First, it is known that the Evangelist Luke was a talented painter as well as a physician. He painted an icon presenting the Virgin Mary holding the Child Jesus, which many churches all over the world later on copied.

Therefore, an icon can be used in the service of the Gospel and the Holy Tradition of the Church, not a mere artistic device. Icons are windows into heaven. A believer meditates on the person whose portrait is on the icon. In this way an icon may play a role in enhancing the spiritual life of the believer through the imitation of the life of the person in the icon. An icon is not merely a piece of art, but it carries a lot of spiritual meaning.

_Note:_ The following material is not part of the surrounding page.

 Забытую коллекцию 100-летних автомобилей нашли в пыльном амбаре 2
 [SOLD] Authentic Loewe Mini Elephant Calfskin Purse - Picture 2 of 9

The art of making Orthodox icons follow certain symbolism that carries a meaningful message. Some of these characteristics are: First, large and wide eyes symbolize the spiritual eye that look beyond the material world, the Bible says “the light of the body is the eye: if therefore thine eye be simple, thy whole body shall be full of light” [Matthew 6:22]. Second, large ears listen to the word of God; “if any man have ears to hear, let them hear” [Mark 4:23]. Third, gentle lips to glorify and praise the Lord “My mouth shall praise thee with joyful lips” [Psalm 63:5]. The eyes and ears on a figure in an icon are disproportionately large, because a spiritual person spends more time listening to God’s word and seeking to do God’s will. On the other hand, the mouth, which can also be often, be the source of empty or harmful words is small. The nose, which is seen a sensual is also small. Also, when an evil character is portrayed on an icon, it is always in profile because it is not desirable to make eye contact with such a person and thus to dwell or meditate upon it. Figures in icons often have large heads, meaning that these are individuals devoted to contemplation and prayer.

Icon artists deeply understood the meaning and benefit of icons on the spiritual life of the believers. It is interesting to note that the majority of the icons’ artists did not sign their names. They were not looking or self-glorification and fame, even the few who signed their names did so in the form of a prayer; such as “Remember O Lord your servant (name)”.

Some icons portray Saints who suffered and were tortured for their faith with peaceful and smiling faces, showing that their inner peace was not disturbed, even by the hardships they endured, and suffered willing fully and joyfully for the Lord. Although the artistic style of iconography varies a little from one culture to another, all Orthodox icons have the same meaning, usage and symbolism (this includes the Eastern Orthodox Churches; Greek, Russian, Serbian, Bulgarian, ... etc, as well a the Oriental Orthodox Churches; Armenian, Syrian, Ethiopian, ... etc).